Step 8: Use a blueprint to create a workflow

In order to read the CloudTrail logs, understand their structure, create the appropriate tables in the Data Catalog, we need to set up a workflow that consists of a AWS Glue crawlers, jobs, triggers and workflows. Lake Formation's blueprints simplifies this process.

The workflow generates the jobs, crawlers, and triggers that discover and ingest data into your data lake.
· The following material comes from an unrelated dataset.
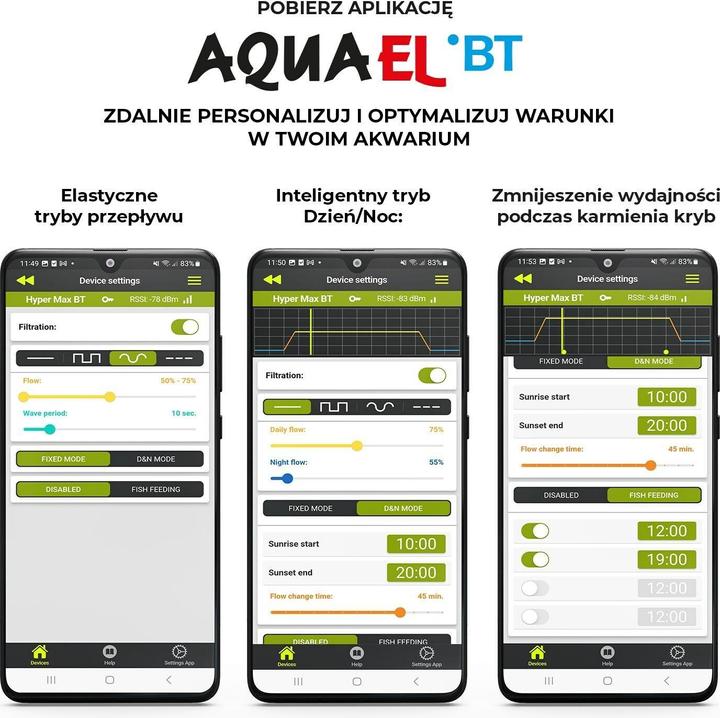 Immagine prodotto Aquael Hypermax 4500 BT (1500 l, Filtri esterni, Acqua dolce, Acqua salata)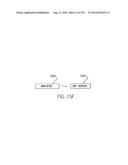 Apparatus and Method of Differential IQ Frequency Up-Conversion diagram and image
You create a workflow based on one of the predefined Lake Formation blueprints.

  1. In the Lake Formation console, in the navigation pane, choose Blueprints, and then choose Use blueprint.

  2. On the Use a blueprint page, under Blueprint type, choose AWS CloudTrail.

  3. Under Import source, choose a CloudTrail source and start date.

  4. Under Import target, specify these parameters:

    Target database lakeformation_cloudtrail
    Target storage location s3://<yourName>-datalake-cloudtrail
    Data format Parquet
  5. For import frequency, choose Run on demand.

  6. Under Import options, specify these parameters:

    Workflow name lakeformationcloudtrailtest
    IAM role LakeFormationWorkflowRole
    Table prefix cloudtrailtest
    Note

    Must be lower case.

  7. Choose Create, and wait for the console to report that the workflow was successfully created.

    Tip

    Did you get the following error message?

    User: arn:aws:iam::<account-id>:user/<datalake_administrator_user> is not authorized to perform: iam:PassRole on resource:arn:aws:iam::<account-id>:role/LakeFormationWorkflowRole...

    If so, check that you replaced <account-id> in the inline policy for the data lake administrator user with a valid AWS account number.